The managers of the Abrdn UK Smaller Companies Growth Trust plc said they believe “we are still in the early stages of recovery for smaller companies, with further upside potential” as the £400 million fund reported that its net asset value (total return) for the year to June 30, 2025, was +6.8% and share price (total return) was +11.4%.
By comparison, the UK smaller companies sector as represented by the Deutsche Numis Smaller Companies plus AIM (ex-investment companies) Index delivered a total return of +7.8%.
Abrdn UK Smaller Companies Growth Trust’s “discount” narrowed to 9.0%.

Amanda Yeaman
Abby Glennie and Amanda Yeaman, Investment Managers of Abrdn UK Smaller Companies Growth Trust plc, said: “It is important to recognise that the UK equity market is not the UK economy. Many UK listed companies are global in nature, delivering growth across diverse geographies and sectors.
“Our process identifies companies with strong fundamentals, resilient earnings, and capable management teams, regardless of the broader economic narrative.

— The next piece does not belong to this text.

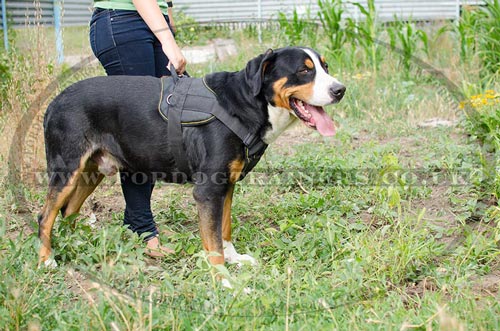 Perfect Dog Harness for The Great Swiss Mountain Dog!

“While further interest rate cuts are anticipated, they are not guaranteed, and in this environment valuation discipline is important. Meeting and beating expectations remains a key driver of share price performance, with reporting results continuing to prompt sharp moves in both directions.
“The Matrix continues to guide our portfolio construction, helping us identify companies exhibiting improving Quality, Growth, and Momentum characteristics. It remains a valuable tool through the cycle, showing us companies with earnings momentum. While IPO activity has been limited, we do not feel constrained for investment ideas.
“We believe we are still in the early stages of recovery for smaller companies, with further upside potential. The current environment is one marked by improving sentiment towards UK investments as demonstrated by the outperformance of smaller companies over large companies in recent months.
“The market continues to demonstrate attractive valuations and we remain optimistic about the outlook for UK smaller companies. The macroeconomic environment, whilst still with challenges, appears more compelling than when we wrote a year ago, and when combined with our disciplined investment process positions us well to capture the opportunities ahead.”
Liz Airey, chair of Abrdn UK Smaller Companies Growth Trust, said: “This time last year, UK investors were focussed on two significant uncertainties: the identity of the next President of the USA and how the new UK Chancellor would manage to balance her initial budget.
“Whilst both of those are now clear, the levels of economic and fiscal uncertainty in both the UK and US seem just as elevated, and broader geopolitical issues remain unresolved. Consequently, market sentiment is unsettled and markets remain volatile. This looks set to continue for the foreseeable future.
“In the UK specifically, navigating a path to growth for the Government is beset with obstacles, even without accounting for the ongoing threats by the US to alter trading tariffs. It does feel as though the effect of external influences on markets has been higher in recent years than through modern history, and this tends to drive short-term volatility.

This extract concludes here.